During the 18,000 stages of grief I was going through while finishing the book and ugly cry-texting my friends, I LIT-RALLY ate half of a batch of these Gluten Free Gingerbread Cookies, as well as a sizable portion of this batch of thumbprints. And amidst the ugly cry-texting, T. Rex tears and lone cookie fest-ing, I sobbed to myself, “I’m gonna have to bake more cookies,” because: gifts.
I imagined handing my friends and families holiday “cookie” plates filled with nothing but good intentions. Like, “Here, friends, have a plate of air. What’s that you ask? Yes, I read another tear-jerking teenage novel. I promise, I won’t do it again…until I do.”

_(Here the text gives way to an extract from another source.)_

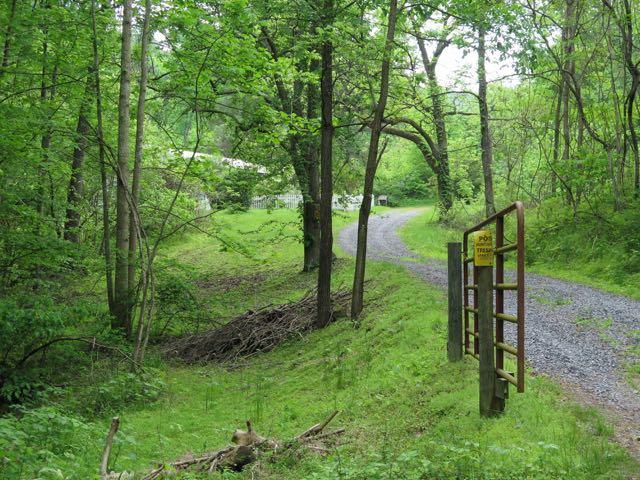 1441 Audrey Lane Blue Ridge, VA 24064 - Photo 3 of 57 AudreyLn - gated entrance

The Fault in Our Stars: making air out of holiday cookie plates.
You don’t need the excuse of a tearjerker to pop thumbprint after thumbprint in your mouth. And you don’t get to feel guilty over these, because there’s no sugar, dairy, or grains in the whole recipe.

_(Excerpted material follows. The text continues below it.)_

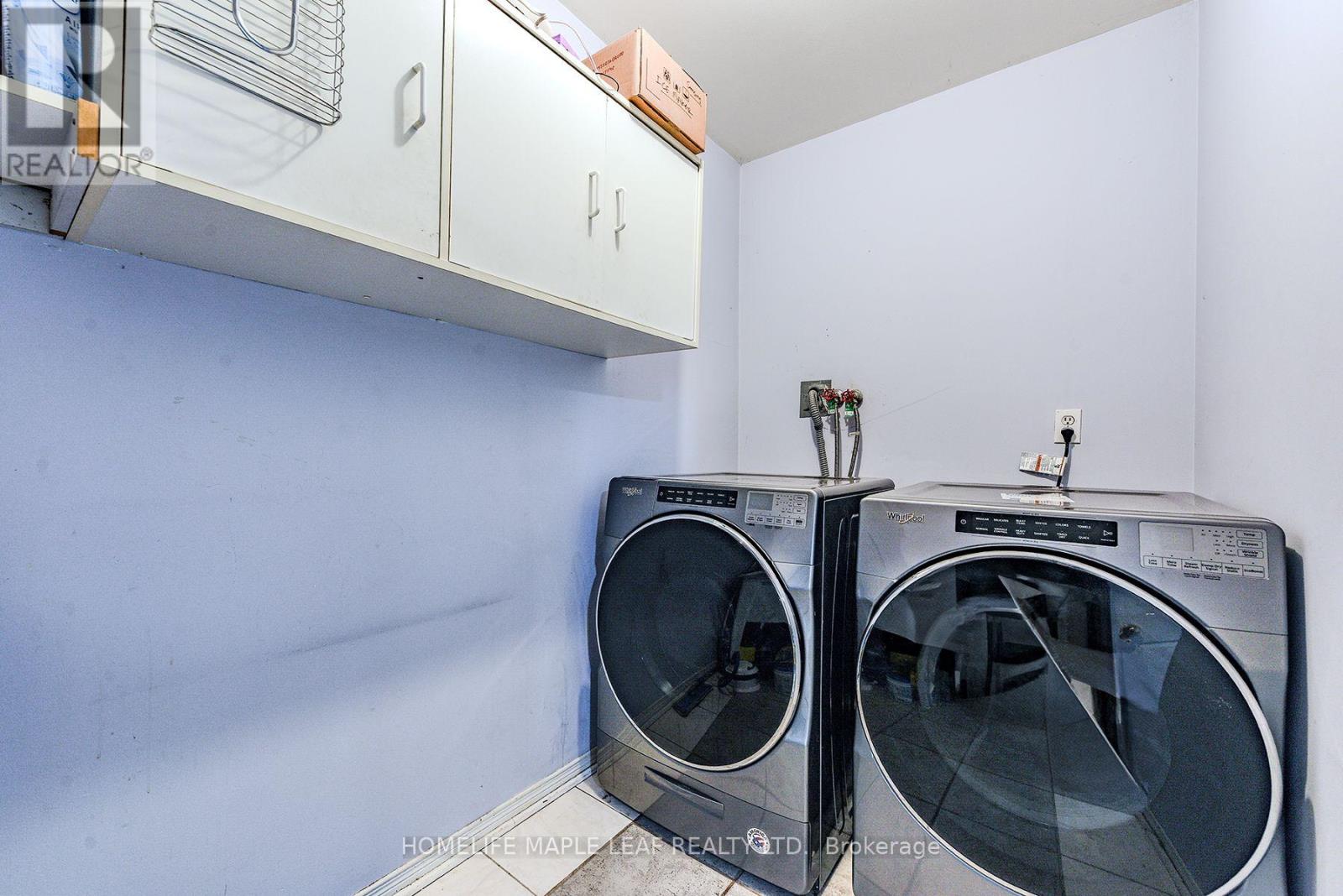 Photo 33 of 45 Seaside Circle, Brampton ON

The thumbprints taste SO buttery in spite of the fact that there’s ZERO butter in them.
And they’re the easiest things ever to make. You just stir every last ingredient together. No eggs, no creaming of butter and sugar. Just you, a bowl, and your good intentions.
I used my Cranberry Sauce with Ginger and Maple (<- paleo) and Dalmatia Fig Spread (<- not paleo, but delicious) for filling these thumbprints. You can use any jam or preserve you’d like – just note that using store-bought jams will make these thumbprints un-paleo on account of the sugar. I won’t notify the paleo authorities if you don’t notify the book club authorities that it took me 2 months to read TFiOS.
Make these for your homies!
- 2 ½ cups almond flour
- ½ teaspoon baking soda
- ¼ teaspoon sea salt
- ¼ teaspoon ground cardamom
- 5 Tbsp coconut oil, melted and cooled
- 3 Tbsp pure maple syrup
- 1 teaspoon pure vanilla extract
- 1 teaspoon almond extract
- Homemade Cranberry Sauce*
- Preheat the oven to 375 degrees F.
- Add the dry ingredients to a bowl and stir to combine.
- Add the remaining (wet) ingredients to the bowl with the dry ingredients and stir vigorously until well-combined and a dough forms.
- Roll a small ball of cookie dough in your palms, and gently press the center with your thumb. Place on a cookie sheet. Repeat for remaining cookie dough.
- Fill the cookies with cranberry sauce (or preserves of choice) by measuring ½ teaspoon of sauce/preserves/jam per cookie, and placing in the center well of the cookie.
- Bake in the oven for 8 to 12 minutes, or until cookies are golden-brown around the edges.
*You can also use any type of store-bought or homemade jam. Fig preserves are amazing here!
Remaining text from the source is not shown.